The ideal game supports all playstyles.
It gives pure PvE players safe havens to calmly level by themselves.
It gives PvP fans areas where they get a bit better ressource per time ratios, but are in constant danger of PvP.
It gives casual gamers smaller goals they can archieve fast, or work easily upon by just logging some quarter hours per day.
It gives the hardcore player complex dungeons that require good strategy and high concentration over hours to solve them.
I guess I fall into the Casual PvE of yours, but what I really am is:
I'm a socializer the most, I enjoy hanging out with people, diving into the lore and the world of the game. I love to be a part of the game world, the lives, the events. I'm a RP'er, the kind that always gets the short stick in games, that always end up having to go to the cash shop in F2P games because anything else sold would disrupt the prechious PvE players and the adored royal PvP players... Yet, I love hanging with people, doing my role to right wrong(or make wrong?) in the world the devs built.

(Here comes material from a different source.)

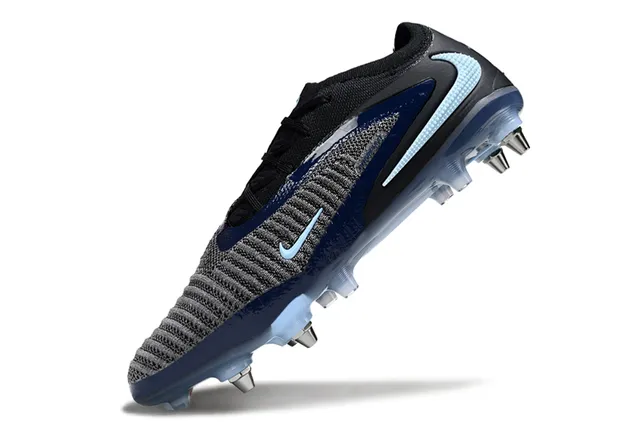 Nike Phantom GT Preto Azul Malha Superior Atacadores Assimétricos Gramado Firme Sapatos de Futebol 3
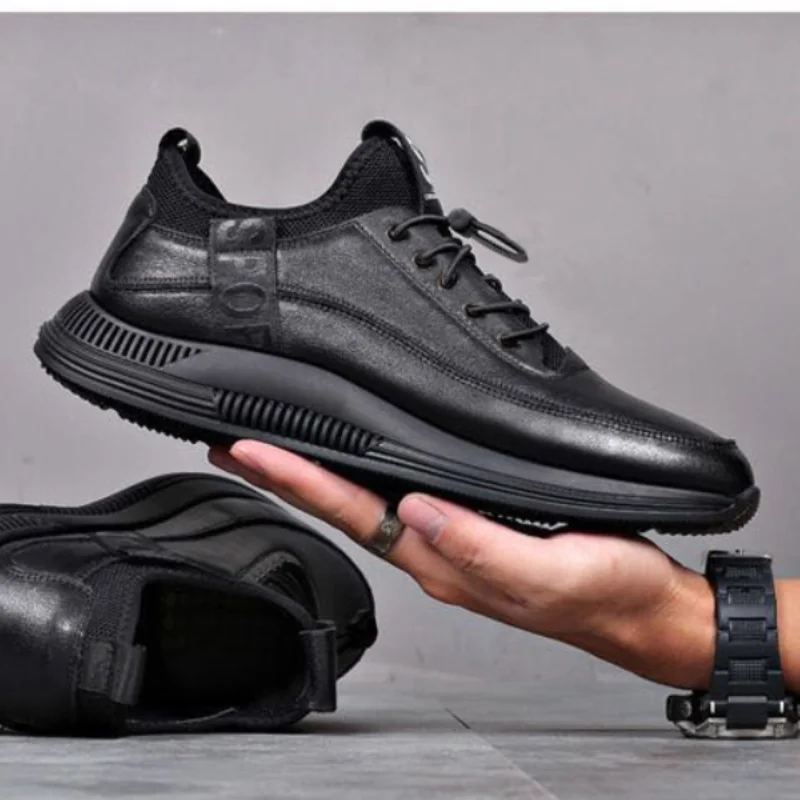 Туфли мужские с острым носком ПУ эластичная резинка дышащая спортивная обувь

I'm an explorer second, enjoying to step off the beaten track, and just head towards the horizon, where something might have caught my eye, like a odd rock formation or a building that looked neat, or maybe it was a forrest? Or even maybe I just closed my eyes, turned around and just picked a direction to go on random?
I'm an achiever, sometimes finding some enjoyment in getting the nice loots that I can display, or hunt down this foul beast before anyone else does. But... I mostly have better things to do.
I'm a PvP almost never, as I've seen the PvP crowd grow more and more vile, into a crowd I barely want to hang around, or even be in the same zipcode as. I don't min/macx, I don't look for loopholes or ways to make an equal fight unequal... in my favor.
I don't bring 10 friends to a 3 vs 3 PvP challenge, to make sure that the PvP'er who actually brought only 2 friends gets his face full of tea. So... I don't PvP... There is no reason to. Even if I kill someone, he's just gonna get up and play along like he never died, probably including some cursewords, and accusations of cheating, and threats of how I'll get my derriere handed to me.
I really don't PvP, since the players themselves, really ruin my imersion... When did you see a royal knight or stormtrooper or a policeman jump on top of a corpse going "biatch, u such noob, my grandma could teabag you, LOL ROTFLMAO, n00b! j0 pwn3d! Go back to being a carebear!"... Well, I'd rather not see that...
So I keep my PvP in FPS and RTS games, and don't do it in my RPG's or MMORPG's.
The last of the Trackers
And it puts all the RP stuff and customization extras in the cash shop, so those pesky RP'ers can pay for all the work the devs put into making those useless items.
:P
The last of the Trackers
Hardcore PvE.
This is what I would do:
Server 1: PvE ONLY - Perhaps an optional arena with no rewards... just for when PvE'rs get bored.
Server 2: World PvP - A deep PvP system with MEANING:
I would have a fantasy game with multiple factions. There is no obvious good and evil, but several different kingdoms who fight over the resources of the ENTIRE world (much like our world today). Every chunk of land has a certain resource that can be controlled, e.g., crops, wood, fresh water, minerals, etc. The faction who builds the most castles, guild halls, and cities within a certain part of the land will have control over it. When the faction has control, all the monsters within that land will be aggro to everyone else...until another faction invades and destroys.
I don't know... something other than just mindless killed and ganking.
^ This. A developer wouldn't pretend this doesn't exist.
Hardcore casual. I like to just leave the world behind and let my imagination roam.